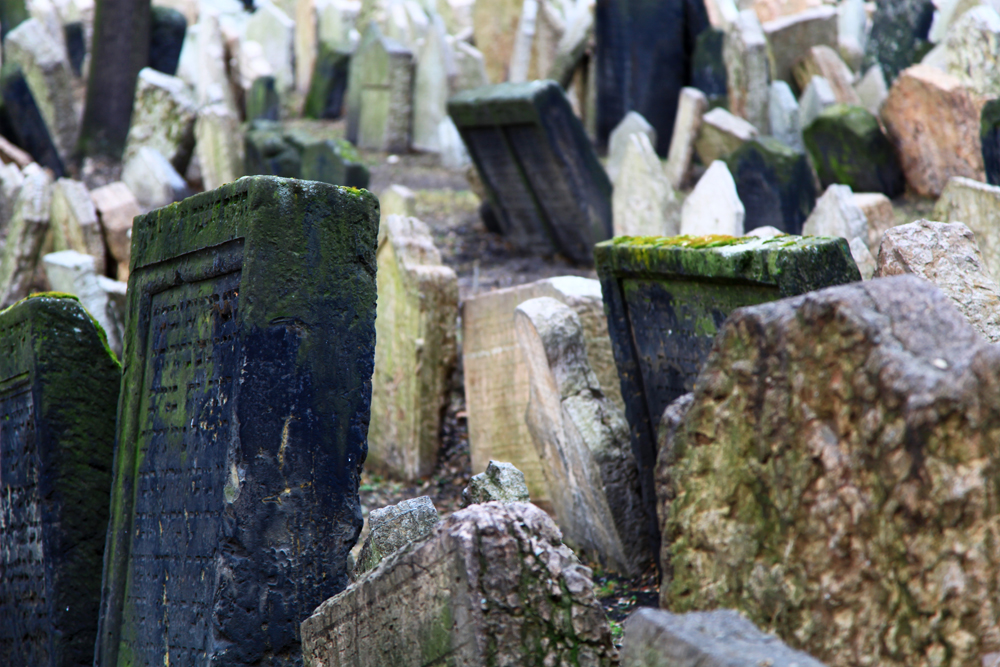 The numbers of grave stones and numbers of people buried at the Old Jewish Cemetery in Prague are uncertain because there are layers of tombs. However, it has been estimated that there are approximately 12,000 tombstones presently visible, and there may be as many as 100.000 burials in all.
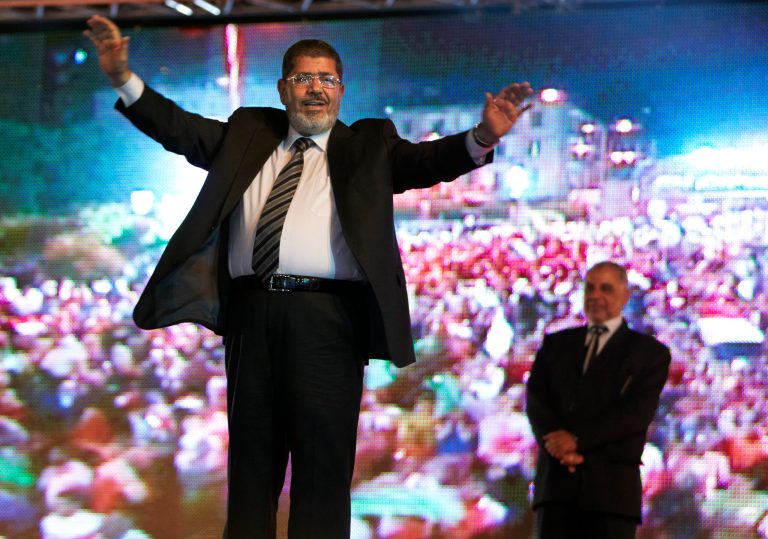 In this Sunday, May 20, 2012 file photo, the Muslim Brotherhood's presidential candidate Mohammed Morsi hold a rally in Cairo, Egypt. Egypt's electoral commission announced Sunday, June 24, 2012 that Morsi is victor of landmark presidential vote.(AP Photo/Fredrik Persson, File)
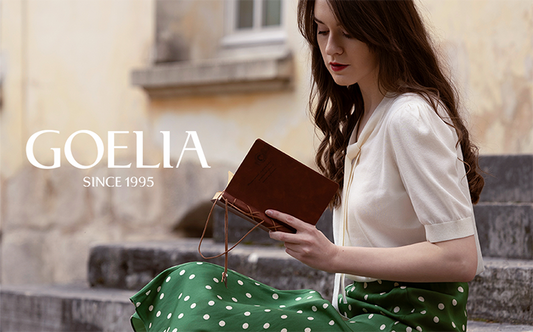 A lady looking at the book wears a green skirt.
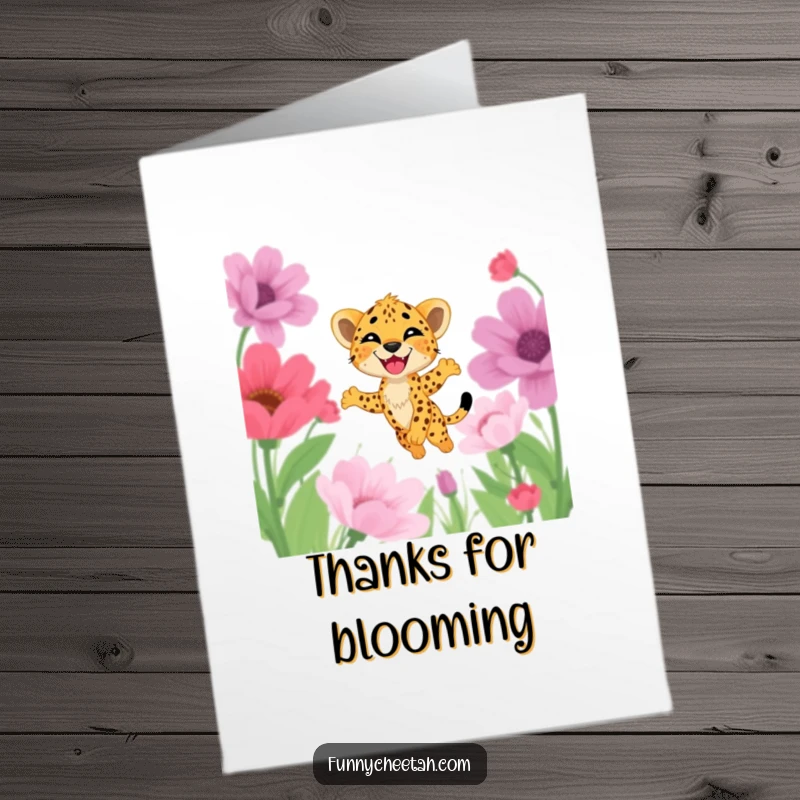 Funny Free Printable Cheetah Cub Thank You Card: Cub with a delighted grin leaps through oversized flowers, expressing thanks.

*****

■ Action item: Quote the data above in full, leaving out the pictures it holds.

■ Solution for this exercise:
 The numbers of grave stones and numbers of people buried at the Old Jewish Cemetery in Prague are uncertain because there are layers of tombs. However, it has been estimated that there are approximately 12,000 tombstones presently visible, and there may be as many as 100.000 burials in all.
 In this Sunday, May 20, 2012 file photo, the Muslim Brotherhood's presidential candidate Mohammed Morsi hold a rally in Cairo, Egypt. Egypt's electoral commission announced Sunday, June 24, 2012 that Morsi is victor of landmark presidential vote.(AP Photo/Fredrik Persson, File)
 A lady looking at the book wears a green skirt.
 Funny Free Printable Cheetah Cub Thank You Card: Cub with a delighted grin leaps through oversized flowers, expressing thanks.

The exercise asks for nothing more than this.